Sas, you take care, now! We don't want anything bad happening to you.... Go find out if it's just your fish or if it's other animals as well.


----------



## oldditchdoctor (Jan 1, 2016)

May b the natives too, lol


Sent from my iPhone using Tapatalk


----------



## stowlin (Apr 25, 2016)

Well for your sake I hope it's in SF not LA just so I can think about all the lunatic fringe nut jobs I left behind.  We're put out from the Patomac tomorrow heading for NYC then Boston. Glad to be on the other side for a change. God Bless those in Texas I can only imagine the marina in Corpus Christi we left behind wow.


----------



## inceptor (Nov 19, 2012)

@Sasquatch. I dont' think the big one is coming yet. Still there are 2 people in CA I pray for everyday. You and a lady I know and admire. I pray y'all make it out safely.


----------



## Denton (Sep 18, 2012)

The way he texted it to me, I thought he was in danger of being attacked by the bigger of his fish. Mention fish and the Big One, I figure there's gonna be a lie about the one that got away.
So, @Sasquatch, did you spill a Monster drink in the tanks?


----------



## Sasquatch (Dec 12, 2014)

No energy drink. Funny thing is all the dogs in the neighborhood are being unusually quiet.

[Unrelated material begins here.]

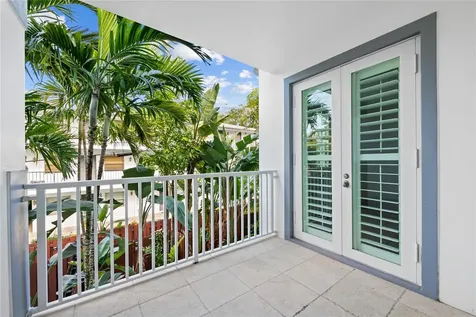 218 NE 15th Avenue Fort Lauderdale FL 33301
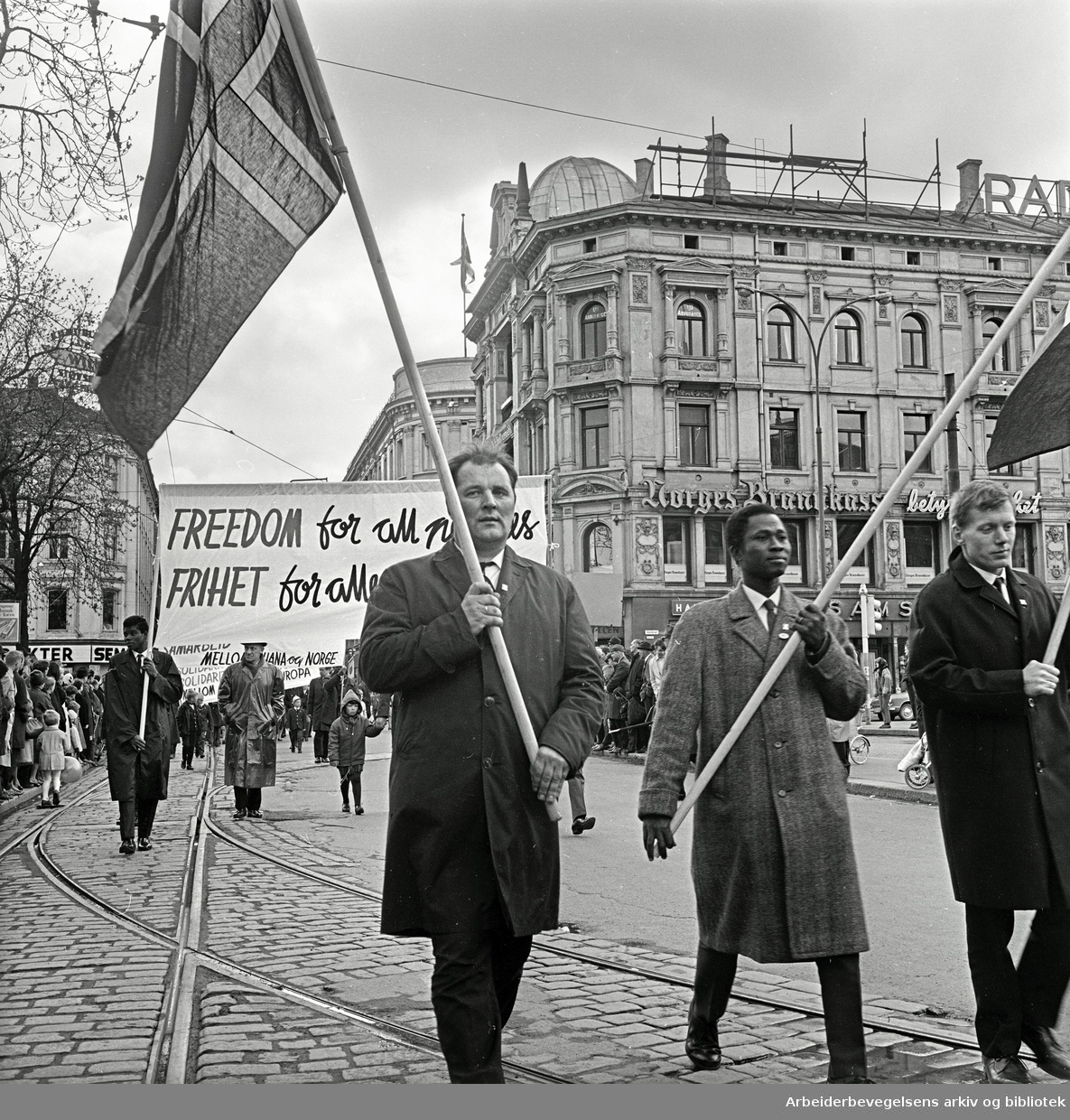 Demonstrasjonstoget 1. Mai 1967 på Stortorvet. Parole: Freedom for all peoples - Frihet for alle folkeslag. Til venstre: Ragnar Kalheim.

I'm sure it's nothing. I was joking about it more than anything.

Sent from my SM-G900V using Tapatalk


----------



## azrancher (Dec 14, 2014)

Sasquatch said:


> I'm sure it's nothing. I was joking about it more than anything.


Perhaps you forgot to feed the fish, same thing happens when I forget to feed the baby chicks...

*Rancher*


----------



## Sasquatch (Dec 12, 2014)

azrancher said:


> Perhaps you forgot to feed the fish, same thing happens when I forget to feed the baby chicks...
> 
> *Rancher*


They are well fed. I feed them baby chicks. Did I forget to mention they're piranha?

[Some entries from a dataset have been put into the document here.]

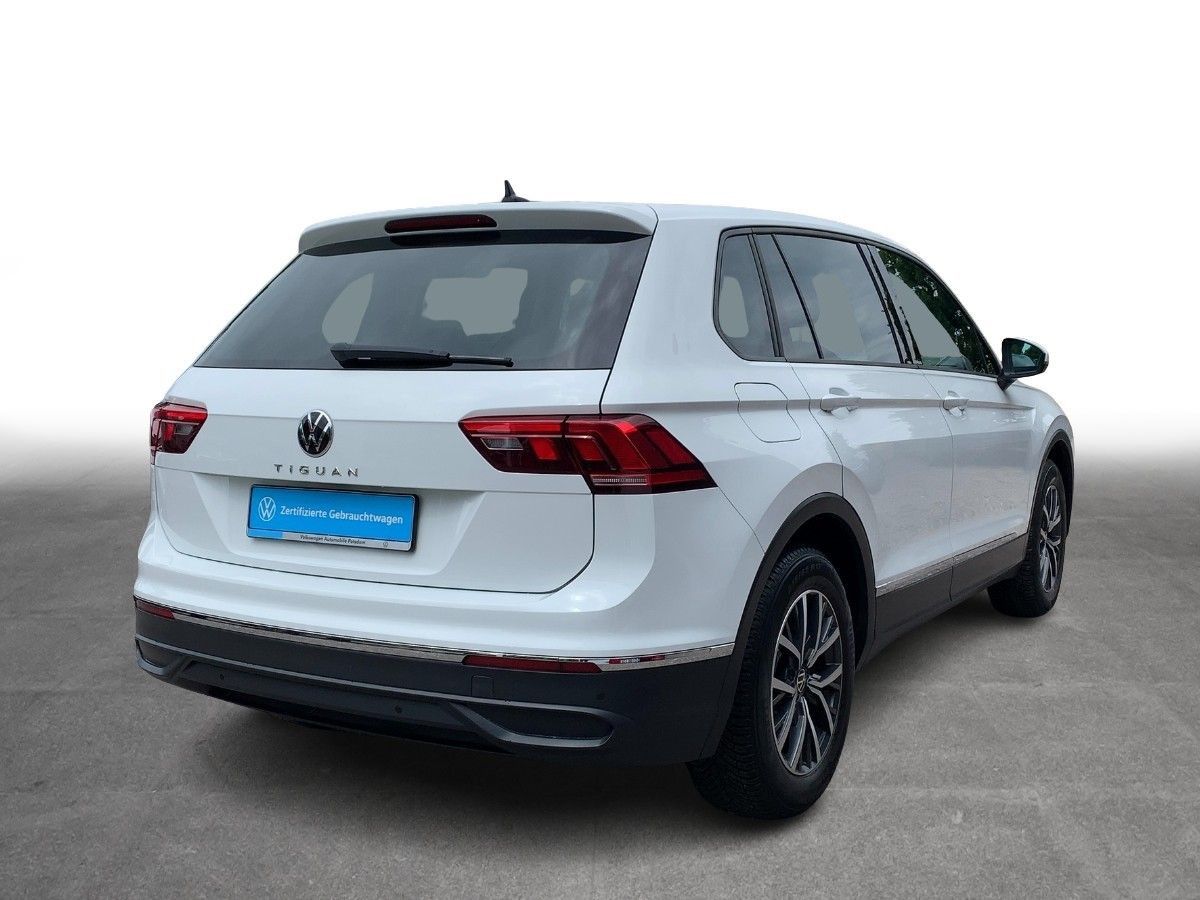 Volkswagen Tiguan 1.5 TSI Klima LED App PDC foto 5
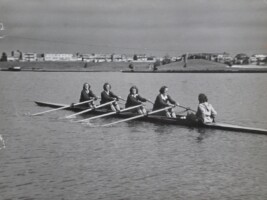 1948 Dames Dubbelvier op de Bosbaan. Bep Piet (boeg), Gerda Langereis, L van Rossem, Greet Dusseldorp (slag), Bobby van der Meer (stv)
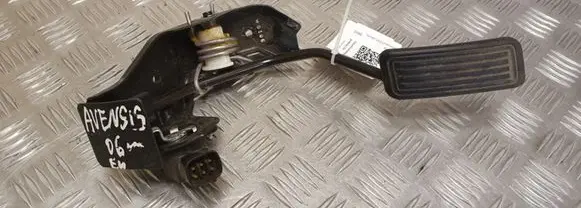 Toyota Avensis T250 Accelerator throttle pedal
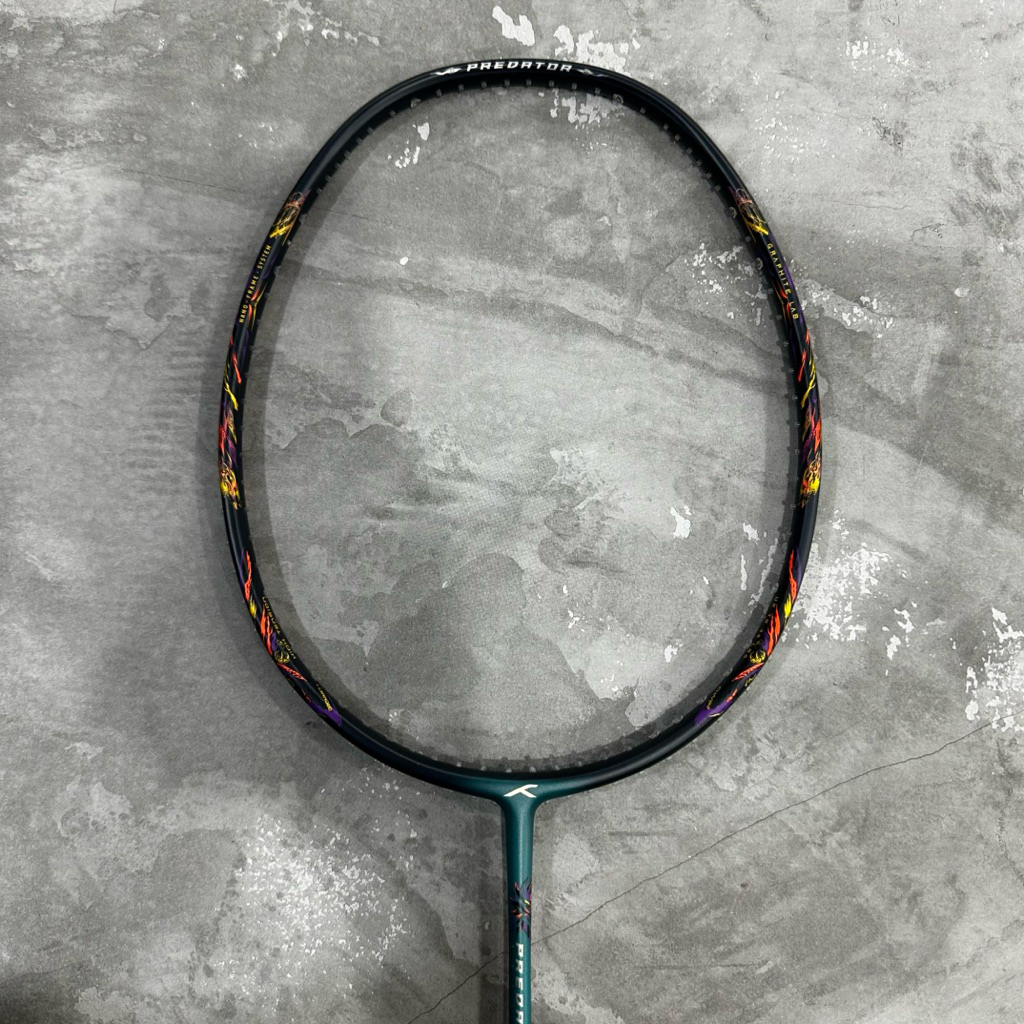 Raket Badminton Hundred Predator 84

Sent from my SM-G900V using Tapatalk


----------



## azrancher (Dec 14, 2014)

I'll bet they like mice too, I used to raise mice just to feed my snakes.

Stay safe Sas.

*Rancher*


----------



## Inor (Mar 22, 2013)

If SHTF in your area, just hop east on I-10 until you smell the hops. That will be me. Head south a mile or two and you are home brother.


----------



## Sasquatch (Dec 12, 2014)

Inor said:


> If SHTF in your area, just hop east on I-10 until you smell the hops. That will be me. Head south a mile or two and you are home brother.

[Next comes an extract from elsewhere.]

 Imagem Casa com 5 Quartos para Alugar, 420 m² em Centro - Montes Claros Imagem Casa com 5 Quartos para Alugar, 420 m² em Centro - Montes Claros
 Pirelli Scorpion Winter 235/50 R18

Already got your place locked into my GPS. If we get hit with an EMP I have it memorized. I'll make it your way...hopefully sooner than later brotha!


----------



## maine_rm (Jun 24, 2017)

Sasquatch said:


> Already got your place locked into my GPS. If we get hit with an EMP I have it memorized. I'll make it your way...hopefully sooner than later brotha!


Boys night!


----------



## Camel923 (Aug 13, 2014)

Maybe Aunt Ester (Maxine Waters) is coming to see you. That would freak out any decent living creature. Rumor has it that she loves sasquatch.


----------



## A Watchman (Sep 14, 2015)

'That was some good stuff huh Squatch ...... here is the clip for those who are lost about the "big one". When ya get done with Sanford and son re-runs, catch some Barney Miller!


----------



## sideKahr (Oct 15, 2014)

George Bush or Donald Trump? At least your fish will survive.


----------



## Denton (Sep 18, 2012)

Seems California hasn't tried to one-up Texas, yet.


----------



## inceptor (Nov 19, 2012)

Denton said:


> Seems California hasn't tried to one-up Texas, yet.


Ya know they hate Texas. Kinda breaks my heart. :vs_laugh:


----------